Down to the last line below, repeat the entries word for word and drop the pictures.

Short descriptive text snippets:

<<<<

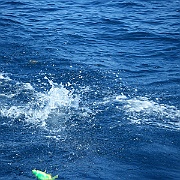 DSCF0084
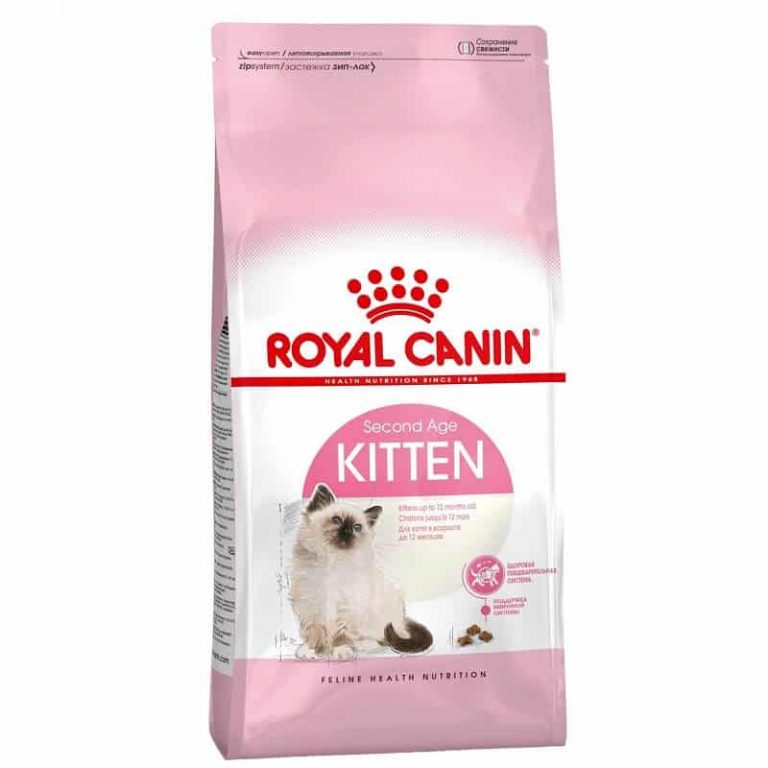 ⁦רויאל קנין לגורי חתולים 10 ק"ג Royal Canin⁩ – תמונה ⁦1⁩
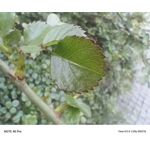 Zdjęcia użytkowników Infinix Note 40 Pro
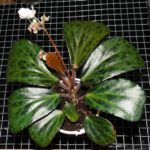 Begonia Blanchii Motted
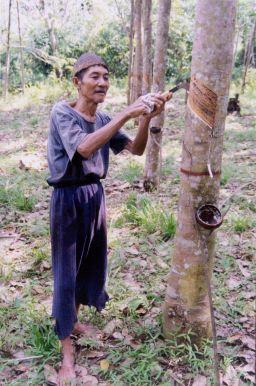 Presentation outline Natural rubber in Indonesia Improved rubber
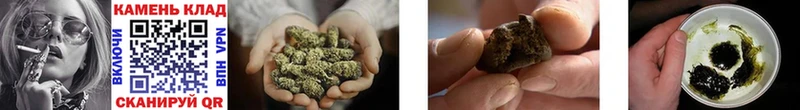 ГАШ Cannabis  Магас 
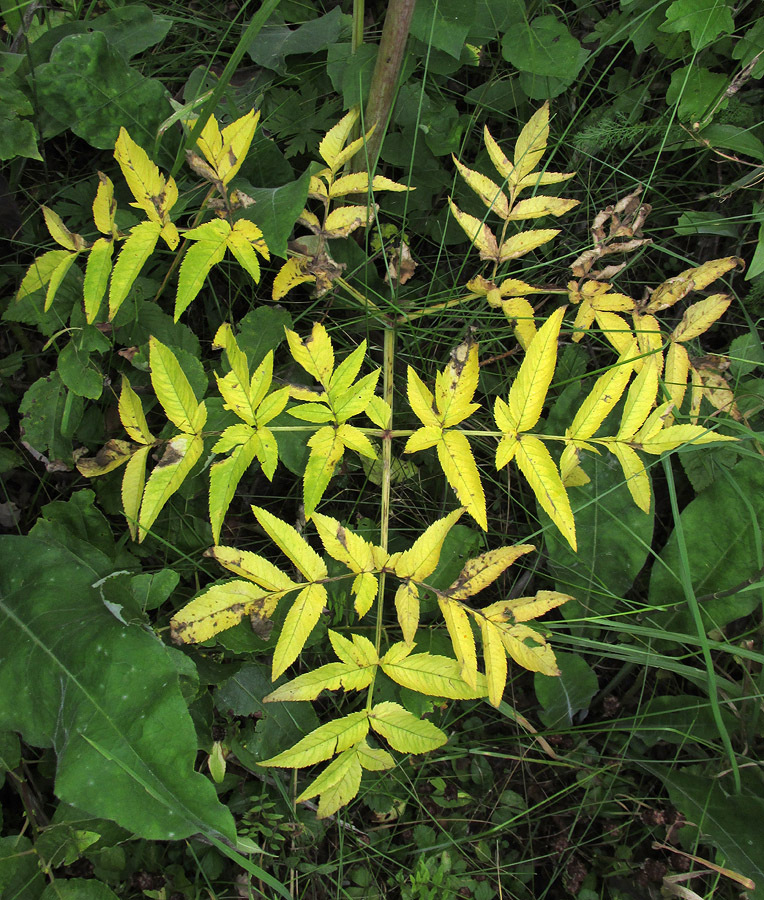 Изображение особи Angelica sylvestris.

>>>>

Answer box:
 DSCF0084
 ⁦רויאל קנין לגורי חתולים 10 ק"ג Royal Canin⁩ – תמונה ⁦1⁩
 Zdjęcia użytkowników Infinix Note 40 Pro
 Begonia Blanchii Motted
 Presentation outline Natural rubber in Indonesia Improved rubber
 ГАШ Cannabis  Магас 
 Изображение особи Angelica sylvestris.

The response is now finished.